We were lucky to catch up with Erin James recently and have shared our conversation below.
Erin, thanks for joining us, excited to have you contributing your stories and insights. We’d love to hear the backstory behind a risk you’ve taken – whether big or small, walk us through what it was like and how it ultimately turned out.
Growing up, I never thought I’d go to an art school. In fact, when it came time for me to choose which college I’d go to, five out of the six options that I had on my list were in-state and only offered graphic design in terms of creative fields.

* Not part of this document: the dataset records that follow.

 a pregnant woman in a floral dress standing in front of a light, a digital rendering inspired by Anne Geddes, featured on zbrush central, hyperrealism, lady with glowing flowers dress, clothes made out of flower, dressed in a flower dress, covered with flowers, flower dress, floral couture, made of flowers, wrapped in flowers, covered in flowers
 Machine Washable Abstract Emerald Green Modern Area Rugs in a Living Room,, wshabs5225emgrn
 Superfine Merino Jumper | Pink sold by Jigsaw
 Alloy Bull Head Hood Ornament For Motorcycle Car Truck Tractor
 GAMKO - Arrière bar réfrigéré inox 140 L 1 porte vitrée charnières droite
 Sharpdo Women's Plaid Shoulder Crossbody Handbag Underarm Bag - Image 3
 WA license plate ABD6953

I had a very narrow expectation of what I expected to be in life, and I’m so thankful that that future was completely derailed.

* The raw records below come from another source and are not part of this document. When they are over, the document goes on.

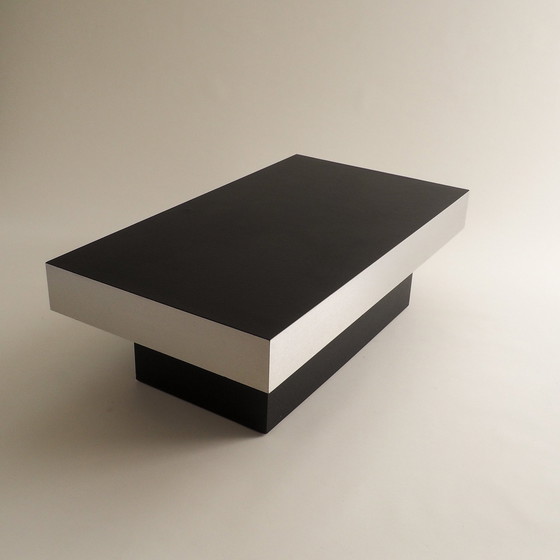 Image 1 of Black & Stainless Steel Coffee Table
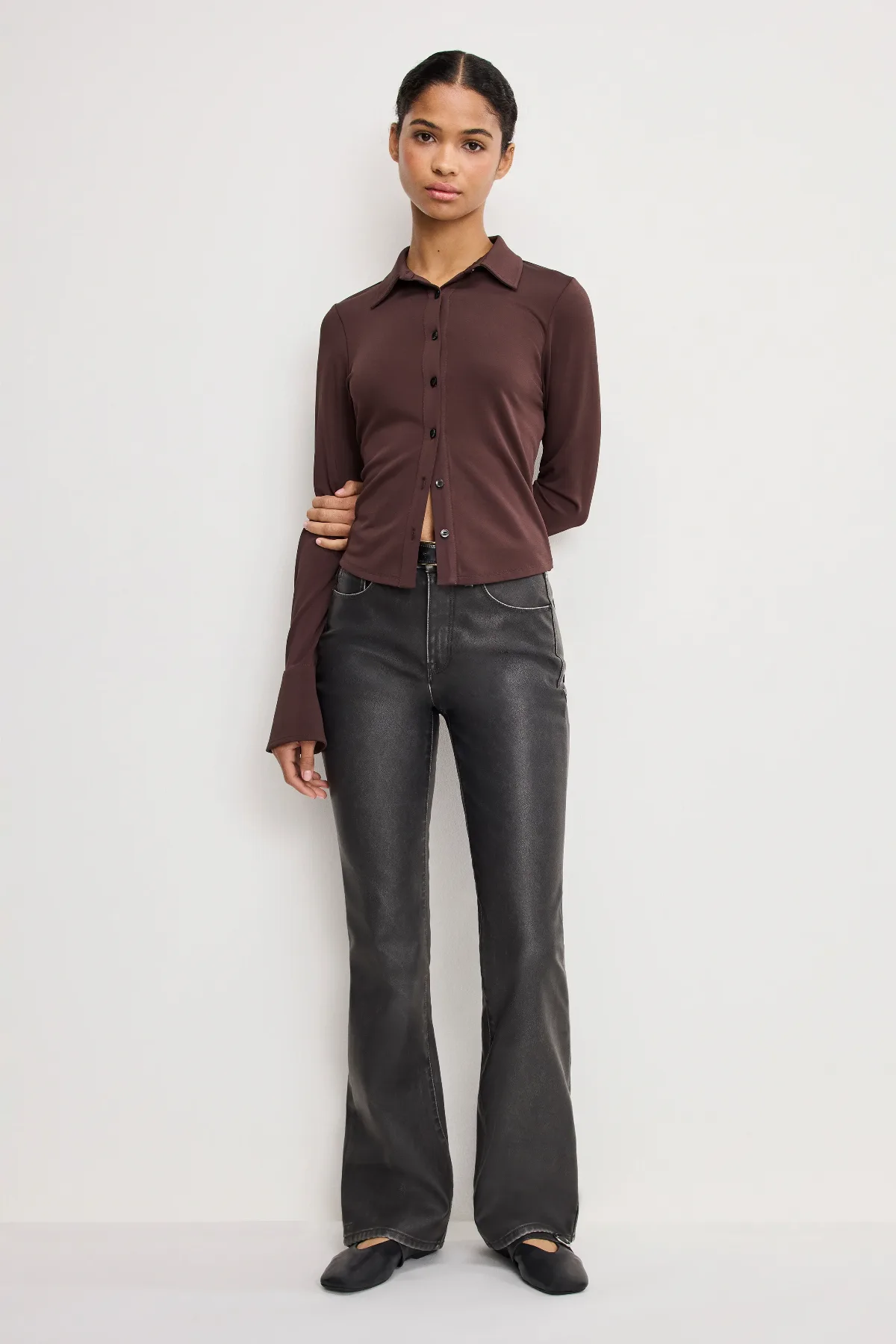 Good Classic Bootcut Vegan Leather Pants - by Khloé Kardashian by GOOD AMERICAN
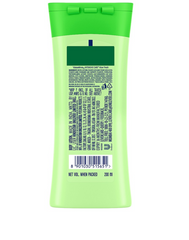 Vaseline Aloe Fresh body lotion bottle back label, green bottle with blue cap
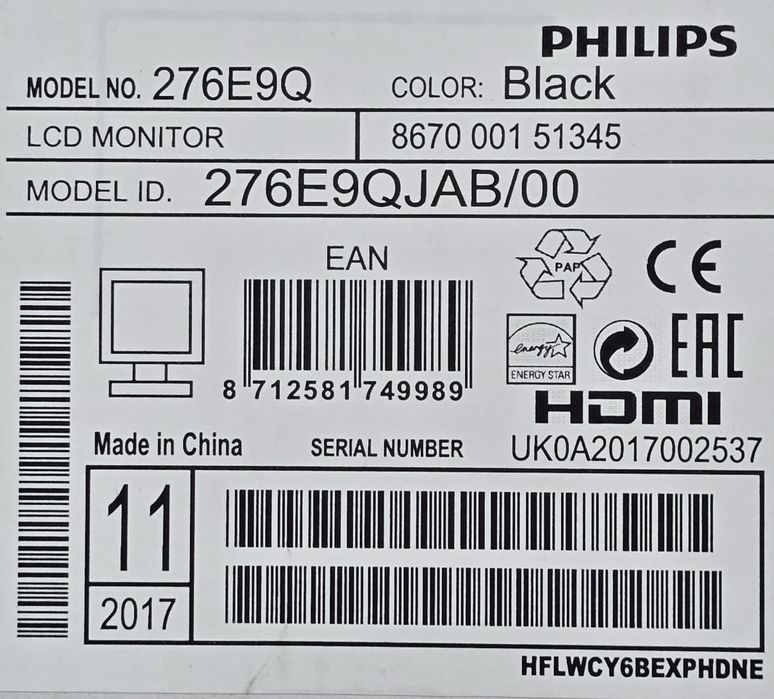 Monitor Philips IPS 27" 1920x1080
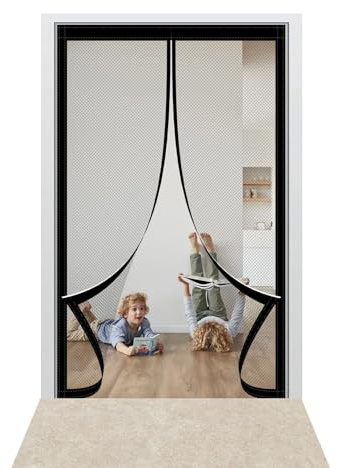 Zanzariera Magnetica Porta Finestra 206 x 270 cm Anti Insetti Traspirante Zanzariera con Magneti Nessun Attrezzo Richiesto Adatto a Bambini e Animali Domestici, Nero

When looking at schools, I thought that my path was set in stone, but then the same (annoying) college kept sending reps to my high school. It felt like a fly was incessantly buzzing in my ear and I (for better or worse) had chosen to act like it wasn’t there. It wasn’t until a girl who’d graduated from my same high school (and went to what I know as SCAD) chatted with me that I snapped out of my trance.
I asked her questions about how she liked the school, what she was doing, and what her future looked like. It all sounded too good to be true. I went to visit the school and tour not once, not twice, but three times. I was in love.
It was then I realized that the future I’d been bleakly looking toward wasn’t my only option. I applied frantically to every scholarship I could find. It was expensive, but I had to figure out a way to make things work. After about two months of searching for scholarships (and almost giving up), I got an email from SCAD asking if I wanted to interview for a full-tuition scholarship. I, of course, said yes and then proceeded to chat with two reps for thirty minutes or so.
I was incredibly nervous during the whole interview, and the brief wait afterward nearly killed me. However, after a few days, I got another email saying that I’d gotten the scholarship. I remember being eerily nonchalant, but I think most of that was from me going into shock.
Four (almost five) years later, I have a job as a full-time illustrator and am having an absolute blast. I was worried that once I started working, I’d burn out and fall out of love with art, but every day has been so exciting and I don’t think I’ve ever felt this fulfilled in life. That said, I’m so excited for what the future holds and to see where my career leads me.
Erin, before we move on to more of these sorts of questions, can you take some time to bring our readers up to speed on you and what you do?
Growing up, I loved watching shows, reading books, and playing games. I was really inspired by the media I saw a teenager, and that inspired me to start looking at art as more than just a hobby. At the beginning of my career, I really just wanted to “be the best”, but I don’t think I even know what I meant by that
Any resources you can share with us that might be helpful to other creatives?
Honestly, I wish art tablets and programs were as affordable and well-made back when I was younger. As a 12-year-old, I was kind of terrified of dipping my toes into the world of “digital” art. Part of that was because of the price of good quality tablets back then, but another part of that was the confusing (and expensive) programs that came along with it. I tried a bunch of cheaper alternatives, but could never really get into the same flow that I felt when using paint or markers. It was only after Procreate came out that I really hit my stride.
The interface was simple. Like REALLY REALLY simple. I definitely missed a lot of hidden functions, but the simple tools being the only thing obviously available allowed me to ease into it rather than becoming overwhelmed and going back to the safety net of traditional art. I think it was around this time that I saw the most improvement in my art. Suddenly techniques and tutorials that I’d seen from my favorite artists had become replicable. I was no longer limited by the paint and markers that I could afford. Instead, I was only limited by my Ipad’s battery life and however far the charging cord could reach.
Learning and unlearning are both critical parts of growth – can you share a story of a time when you had to unlearn a lesson?
Something that was kind of hard for me was coming to the conclusion that I don’t need to have a set style. As a kid, I was really torn about the way my art looked. On one hand, I loved trying new styles, replicating looks from my favorite artists, and depicting whatever content I wanted. On the other hand, part of me thought that creating cohesive pieces and having a “style” would make me more appealing to the average viewer. I was partially correct in that assumption, but I think a lot of the drive to find who I was artistically came from insecurity.
Now, as someone who’s matured more as an artist, I just kind of want to draw what makes me happy. It may sound selfish, but I think that it’s what’s healthiest for me and my relationship with art. That said, I absolutely love illustration from the deepest depths of my soul. I can find joy in the most mundane material, so I highly doubt I’ll be running out of inspiratrion any time soon.